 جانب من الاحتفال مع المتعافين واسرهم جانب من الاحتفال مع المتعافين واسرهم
* * *
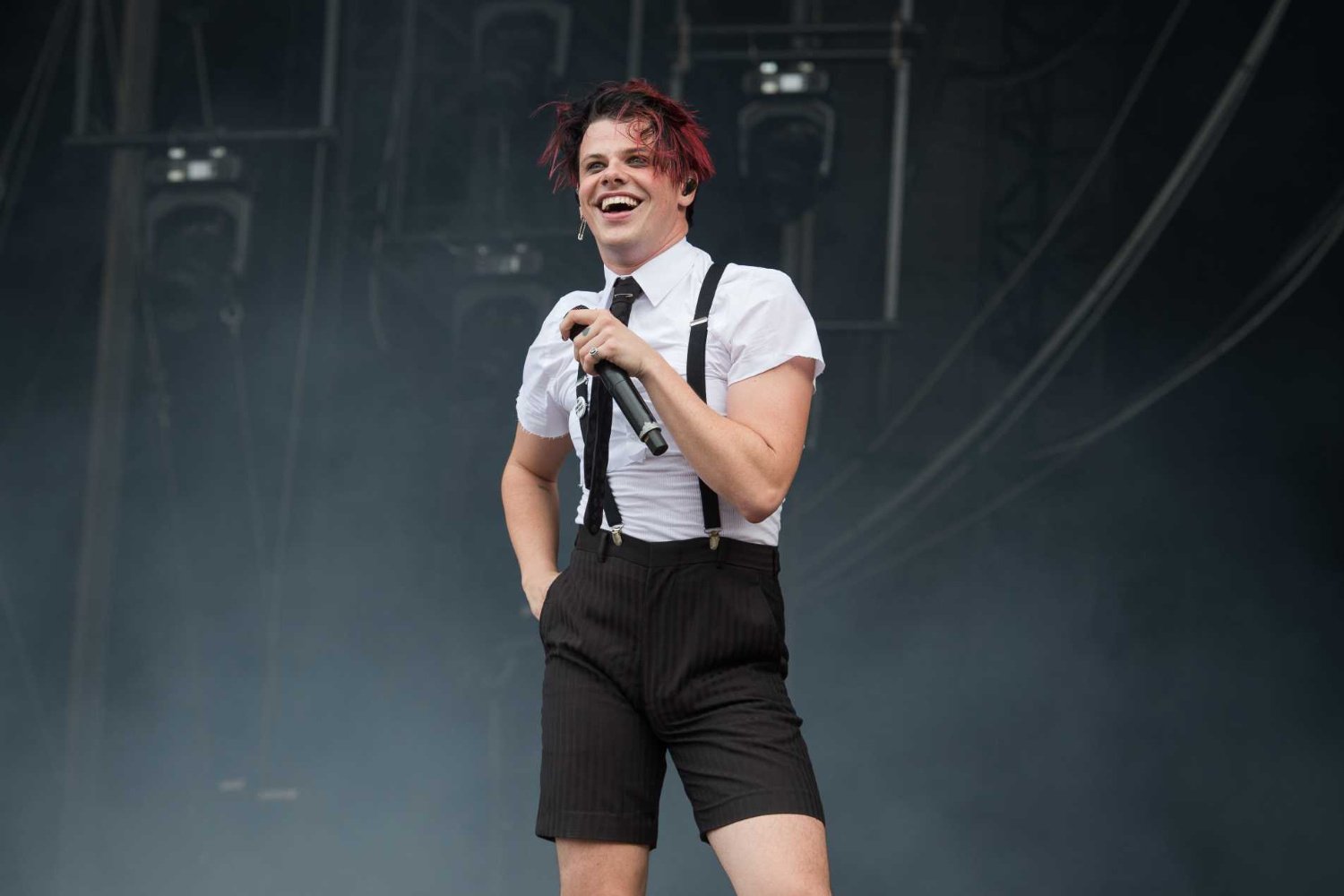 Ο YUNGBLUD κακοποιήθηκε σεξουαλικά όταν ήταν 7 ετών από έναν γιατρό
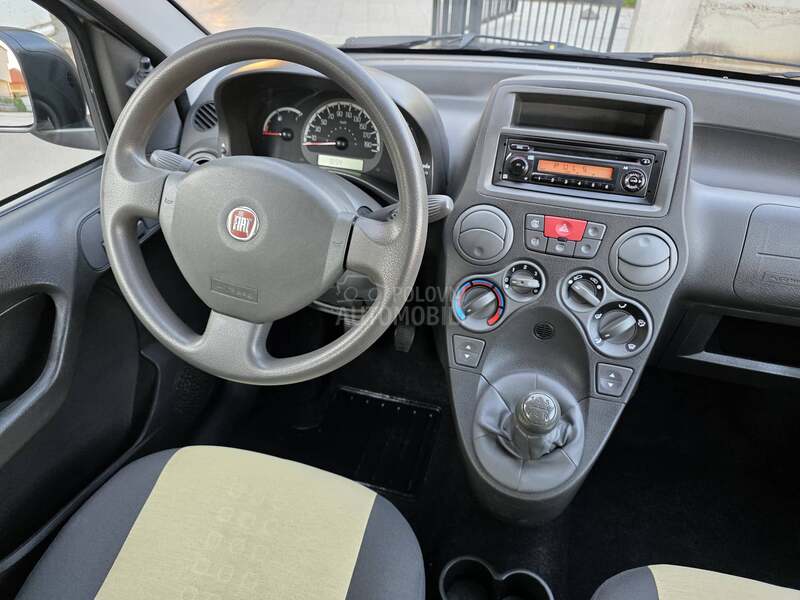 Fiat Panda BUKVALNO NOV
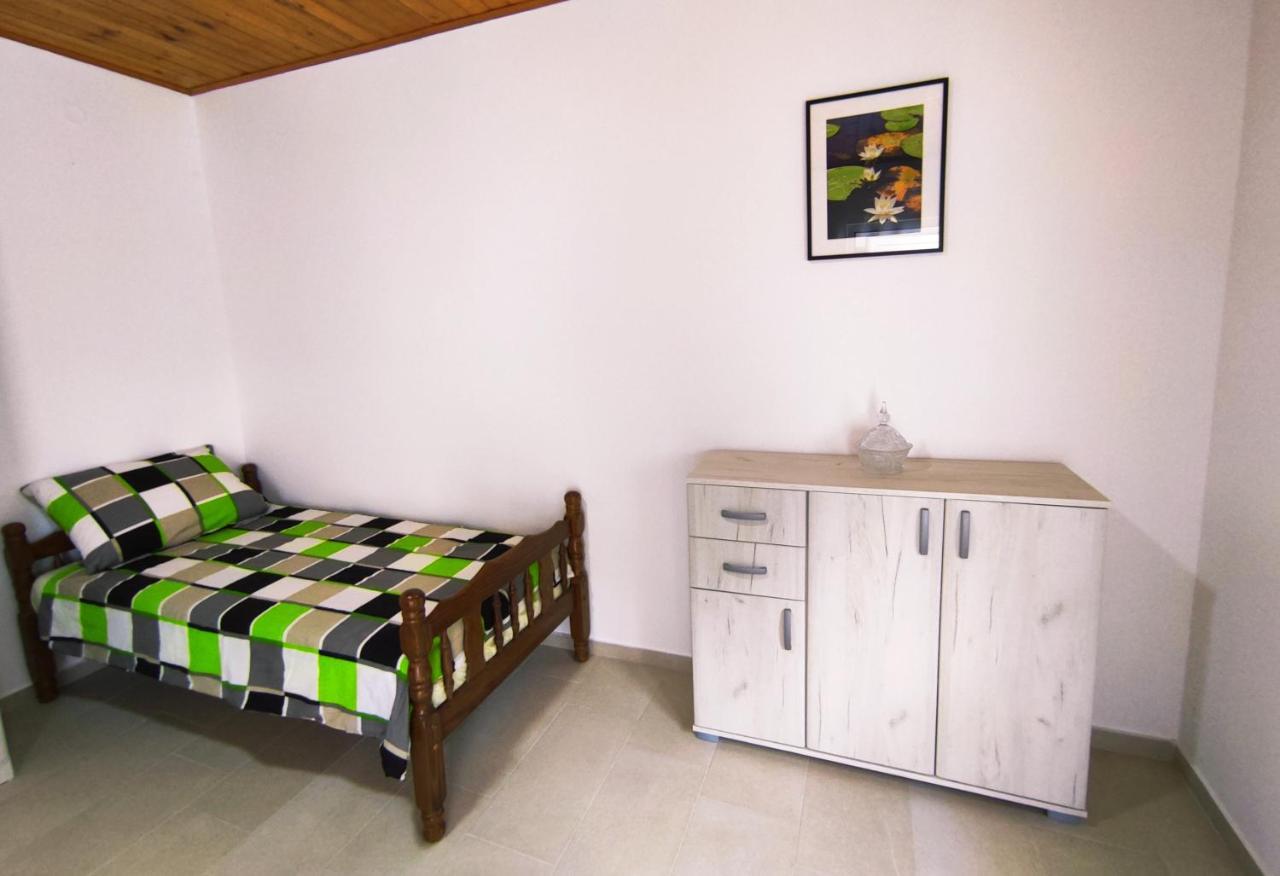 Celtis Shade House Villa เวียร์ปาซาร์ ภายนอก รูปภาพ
---
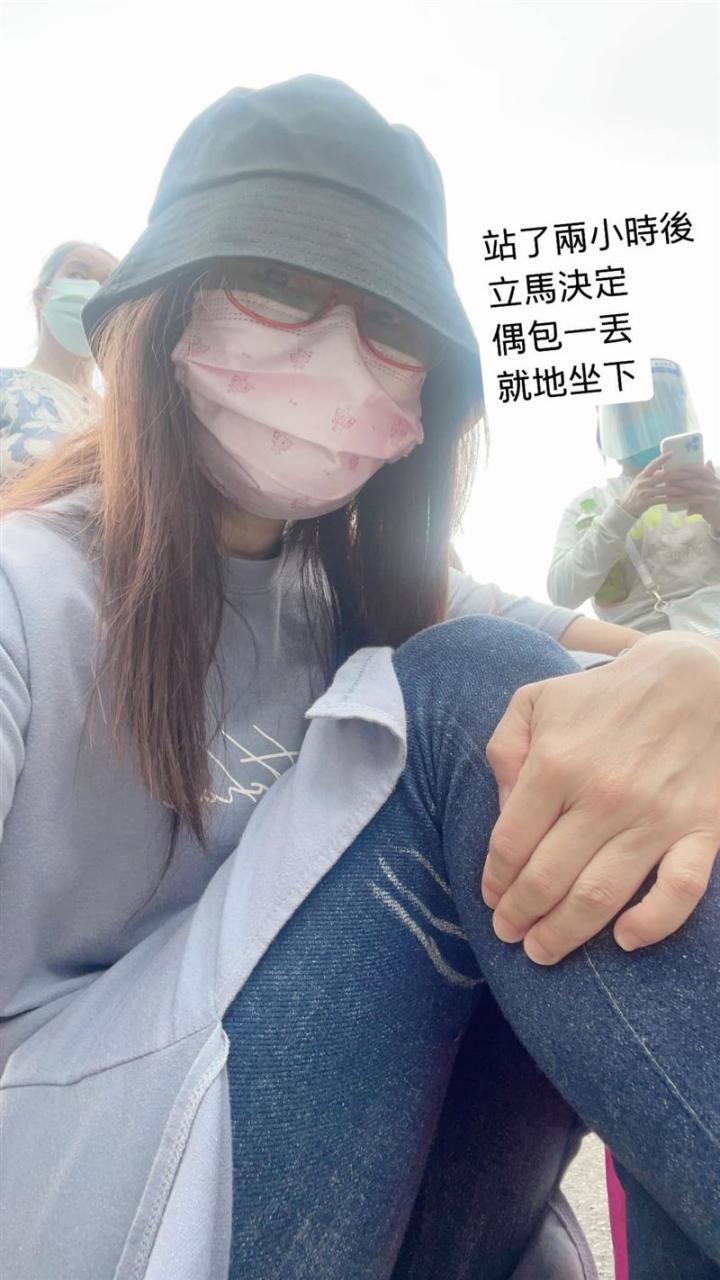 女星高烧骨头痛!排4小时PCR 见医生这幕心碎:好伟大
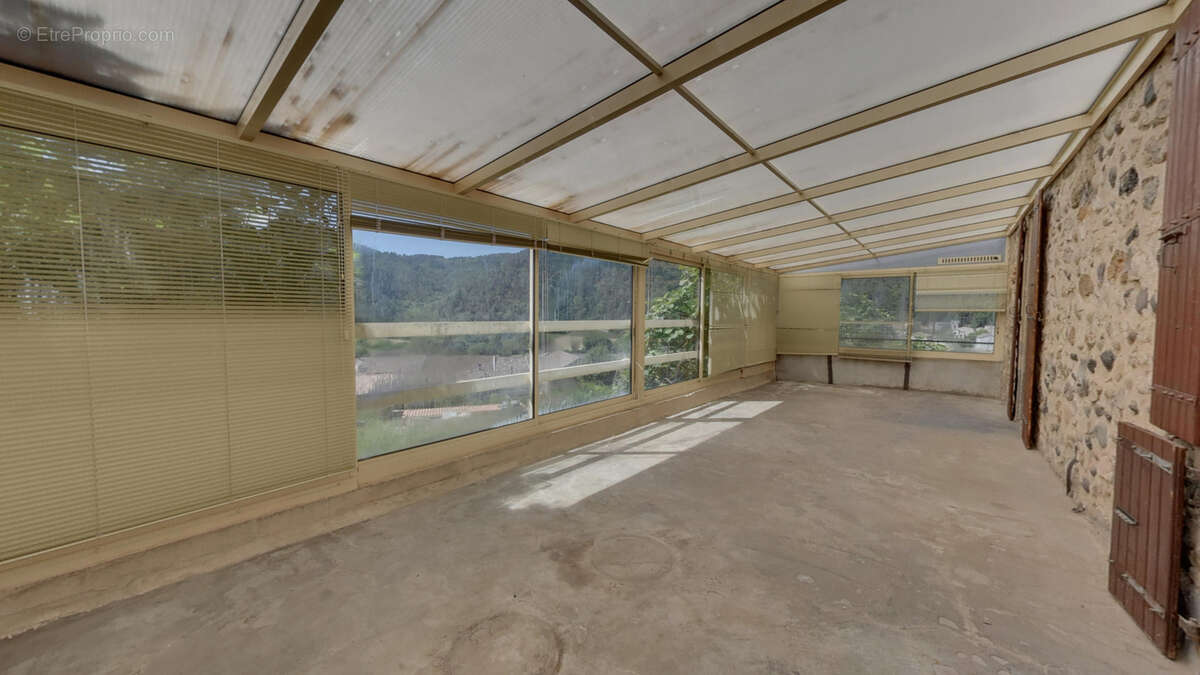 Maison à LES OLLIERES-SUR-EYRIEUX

• [What the task requires] Write back word for word every line in the entries above from the one with "女星高烧骨头痛!排4小时PCR 见医生这幕心碎:好伟大" to the one with "Maison à LES OLLIERES-SUR-EYRIEUX", ends included, and none of the pictures.

• [Written response]
 女星高烧骨头痛!排4小时PCR 见医生这幕心碎:好伟大
 Maison à LES OLLIERES-SUR-EYRIEUX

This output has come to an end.